Consumers Want Clean Info Not Greenwashing

Cost, greenwashing and jargon are among the top worries from consumers when choosing and buying sustainable products and materials for their home, according to new research.

Over half (52%) of people said they would like to buy products or materials for their home that are sustainable and have a positive impact on the environment but think these products are more expensive.

On top of this, 50 per cent worry that a company’s claims around the sustainability credentials of their products or materials for their home may be misleading or inaccurate.


Unhooked Communications

The research, which questioned 2,015 adults and was commissioned by specialist construction and home interiors PR agency Unhooked Communications, also found that 27% of consumers don’t know where to check the information and proof of sustainability claims for products or materials for their home.

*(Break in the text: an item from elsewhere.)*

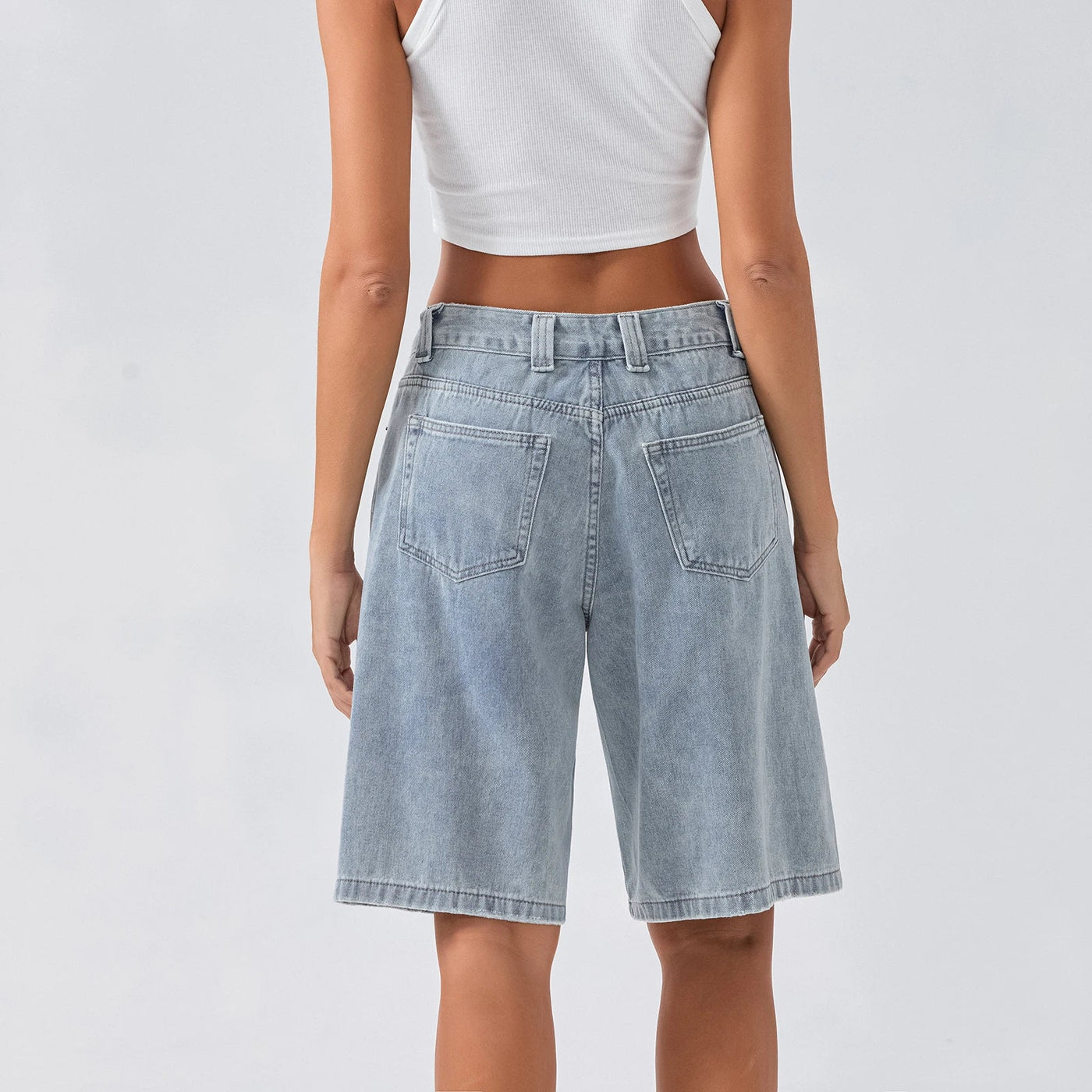 Damen-Bermuda-Jeansshorts im Loose-Fit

Furthermore, nearly a quarter (23%) said they don’t understand the language and terminology used by businesses to explain the sustainability credentials of their products or materials.


Knowledgeable buyers

However, the research found that people do want to make informed choices when buying products and materials for their home. Nearly two-thirds (62%) said they would be likely to check the sustainability or environmental impact of appliances before buying them, over half (54%) said they’d check before buying building materials, and 53% said they’d check before buying home furnishings.

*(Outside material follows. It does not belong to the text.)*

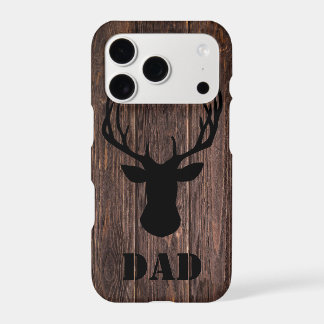 Rustic Woodland Buck Wood Pattern Dad iPhone 17 Pro Case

When it comes to checking information about the sustainability or environmental impact of products, there are multiple sources consumers use. A third would check a brand’s own website, nearly a quarter (23%) would look at review sites, 22% social media, 19% packaging and 16% news stories.

Claire Gamble, managing director of Unhooked Communications, says: “Our research shows that for nearly half of consumers (47%) buying products or materials for their home, it’s important to buy from sustainable businesses that reduce their impact on the environment. However, there is some confusion and worries around making sustainable choices for the home.”



Gamble adds: “Before businesses start considering their PR strategies to communicate their environmental and sustainability credentials, firstly they need to make sure they’re operating in a way that genuinely benefits the planet and people, from their business operations and Environmental, Social and Governance (ESG) policies through to their manufacturing methods and investment strategies. Secondly, businesses need to have clear evidence to back up what they’re doing, whether its testing and data to support the energy efficiency claims of their products and materials or regularly monitoring and measuring improvements in other areas of their business, such as recycling and reducing carbon footprint.

 “Our research shows shoppers will check several sources when researching the sustainability credentials of products and materials for the home. It’s therefore important for businesses in the construction and home interiors industries to have consistent messaging and proof points across multiple channels, including their website and social media, as well as third party channels, such as review sites and media outlets. Awards and accreditations can also help to build trust and credibility.”


Picture: Consumers are making it plain they do not like to be made to feel unsure about cost and mislead via greenwashing and jargon.